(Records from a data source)
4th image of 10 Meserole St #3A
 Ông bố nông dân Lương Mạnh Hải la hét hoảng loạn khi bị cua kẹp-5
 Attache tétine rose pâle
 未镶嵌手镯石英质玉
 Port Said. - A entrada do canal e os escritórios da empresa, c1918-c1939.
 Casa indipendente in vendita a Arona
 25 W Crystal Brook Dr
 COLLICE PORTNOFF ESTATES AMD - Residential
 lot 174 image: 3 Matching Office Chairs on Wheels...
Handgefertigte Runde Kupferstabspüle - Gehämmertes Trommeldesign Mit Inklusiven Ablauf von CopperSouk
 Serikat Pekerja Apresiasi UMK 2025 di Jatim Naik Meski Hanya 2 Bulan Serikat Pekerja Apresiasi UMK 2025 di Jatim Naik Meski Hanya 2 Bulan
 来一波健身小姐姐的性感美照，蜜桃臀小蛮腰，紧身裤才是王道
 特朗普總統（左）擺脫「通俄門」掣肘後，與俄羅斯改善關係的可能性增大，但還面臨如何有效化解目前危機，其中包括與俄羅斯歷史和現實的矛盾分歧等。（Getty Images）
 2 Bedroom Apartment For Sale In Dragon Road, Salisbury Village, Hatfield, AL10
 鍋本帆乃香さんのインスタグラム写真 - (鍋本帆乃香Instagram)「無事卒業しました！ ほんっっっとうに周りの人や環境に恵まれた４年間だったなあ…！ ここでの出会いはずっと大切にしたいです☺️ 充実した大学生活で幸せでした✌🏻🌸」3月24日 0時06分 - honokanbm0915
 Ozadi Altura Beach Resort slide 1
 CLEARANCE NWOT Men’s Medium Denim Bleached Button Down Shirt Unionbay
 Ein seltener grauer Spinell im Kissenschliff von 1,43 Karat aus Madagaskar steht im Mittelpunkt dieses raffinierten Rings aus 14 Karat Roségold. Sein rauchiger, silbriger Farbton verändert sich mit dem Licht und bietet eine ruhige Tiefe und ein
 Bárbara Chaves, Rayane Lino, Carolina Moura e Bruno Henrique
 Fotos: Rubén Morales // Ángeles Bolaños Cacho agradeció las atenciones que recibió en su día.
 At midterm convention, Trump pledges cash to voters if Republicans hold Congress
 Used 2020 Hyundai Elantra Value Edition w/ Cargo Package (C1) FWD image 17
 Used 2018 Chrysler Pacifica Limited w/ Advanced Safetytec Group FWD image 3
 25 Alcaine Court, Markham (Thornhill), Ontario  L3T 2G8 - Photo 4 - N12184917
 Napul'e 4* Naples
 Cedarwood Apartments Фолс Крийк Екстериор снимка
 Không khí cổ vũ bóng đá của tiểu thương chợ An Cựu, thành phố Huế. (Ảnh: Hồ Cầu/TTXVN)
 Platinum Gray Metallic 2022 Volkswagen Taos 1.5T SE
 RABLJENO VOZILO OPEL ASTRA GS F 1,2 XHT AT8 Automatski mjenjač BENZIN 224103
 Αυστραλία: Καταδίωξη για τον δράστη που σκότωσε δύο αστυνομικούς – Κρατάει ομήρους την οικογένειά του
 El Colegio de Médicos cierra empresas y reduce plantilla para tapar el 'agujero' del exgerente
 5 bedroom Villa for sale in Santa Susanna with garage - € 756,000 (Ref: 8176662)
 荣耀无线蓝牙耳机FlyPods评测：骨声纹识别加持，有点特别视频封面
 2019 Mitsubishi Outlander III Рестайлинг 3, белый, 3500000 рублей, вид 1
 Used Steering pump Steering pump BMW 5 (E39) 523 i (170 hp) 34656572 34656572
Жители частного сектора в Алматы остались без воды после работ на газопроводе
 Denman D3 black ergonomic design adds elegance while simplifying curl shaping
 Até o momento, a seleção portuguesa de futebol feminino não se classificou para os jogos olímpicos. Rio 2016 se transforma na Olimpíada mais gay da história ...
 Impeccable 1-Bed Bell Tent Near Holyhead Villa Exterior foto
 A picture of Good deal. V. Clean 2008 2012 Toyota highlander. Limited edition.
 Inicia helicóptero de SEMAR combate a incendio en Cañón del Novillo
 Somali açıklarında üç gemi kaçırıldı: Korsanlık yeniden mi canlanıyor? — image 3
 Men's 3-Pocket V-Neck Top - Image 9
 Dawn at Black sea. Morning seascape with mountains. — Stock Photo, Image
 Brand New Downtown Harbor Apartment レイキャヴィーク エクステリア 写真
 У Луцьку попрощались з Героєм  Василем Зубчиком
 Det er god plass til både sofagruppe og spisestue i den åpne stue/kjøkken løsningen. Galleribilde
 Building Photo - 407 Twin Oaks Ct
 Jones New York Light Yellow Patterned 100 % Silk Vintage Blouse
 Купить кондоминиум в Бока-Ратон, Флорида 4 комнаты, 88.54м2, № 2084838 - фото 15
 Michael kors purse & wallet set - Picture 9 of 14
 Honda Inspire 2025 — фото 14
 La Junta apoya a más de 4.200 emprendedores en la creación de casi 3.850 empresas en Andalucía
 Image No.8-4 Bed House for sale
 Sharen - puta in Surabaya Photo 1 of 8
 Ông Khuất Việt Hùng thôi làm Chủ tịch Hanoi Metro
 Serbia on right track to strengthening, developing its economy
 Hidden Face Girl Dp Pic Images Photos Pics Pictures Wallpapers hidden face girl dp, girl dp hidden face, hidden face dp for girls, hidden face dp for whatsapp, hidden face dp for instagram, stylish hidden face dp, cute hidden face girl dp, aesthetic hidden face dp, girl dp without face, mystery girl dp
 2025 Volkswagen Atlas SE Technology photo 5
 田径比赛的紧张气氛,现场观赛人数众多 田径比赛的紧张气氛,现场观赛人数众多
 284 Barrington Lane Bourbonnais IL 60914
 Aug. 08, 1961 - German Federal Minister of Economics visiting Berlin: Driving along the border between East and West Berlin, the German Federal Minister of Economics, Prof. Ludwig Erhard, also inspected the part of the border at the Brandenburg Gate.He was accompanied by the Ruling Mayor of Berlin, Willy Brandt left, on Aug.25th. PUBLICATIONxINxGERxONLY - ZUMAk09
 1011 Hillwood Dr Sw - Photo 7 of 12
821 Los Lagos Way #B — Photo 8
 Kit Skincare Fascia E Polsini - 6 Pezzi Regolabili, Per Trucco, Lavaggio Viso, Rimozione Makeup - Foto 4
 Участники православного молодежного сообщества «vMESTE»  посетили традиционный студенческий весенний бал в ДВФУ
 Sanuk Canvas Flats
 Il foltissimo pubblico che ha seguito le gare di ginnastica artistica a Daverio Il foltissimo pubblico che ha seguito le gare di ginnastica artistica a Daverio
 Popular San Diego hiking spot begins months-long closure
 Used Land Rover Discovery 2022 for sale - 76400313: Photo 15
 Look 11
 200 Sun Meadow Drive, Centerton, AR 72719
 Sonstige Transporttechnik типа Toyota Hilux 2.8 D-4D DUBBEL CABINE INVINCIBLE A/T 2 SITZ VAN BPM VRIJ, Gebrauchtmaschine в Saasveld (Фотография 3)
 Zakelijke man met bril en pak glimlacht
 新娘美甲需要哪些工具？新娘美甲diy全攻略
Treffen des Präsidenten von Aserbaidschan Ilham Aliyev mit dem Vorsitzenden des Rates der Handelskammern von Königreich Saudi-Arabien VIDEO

TASK INSTRUCTIONS
Where the data above reaches the line holding "Không khí cổ", begin printing, and stop after the line holding "RABLJENO VOZILO OPEL". Each line must be reproduced exactly, with nothing else added.

SOLUTION TO THIS TASK
 Không khí cổ vũ bóng đá của tiểu thương chợ An Cựu, thành phố Huế. (Ảnh: Hồ Cầu/TTXVN)
 Platinum Gray Metallic 2022 Volkswagen Taos 1.5T SE
 RABLJENO VOZILO OPEL ASTRA GS F 1,2 XHT AT8 Automatski mjenjač BENZIN 224103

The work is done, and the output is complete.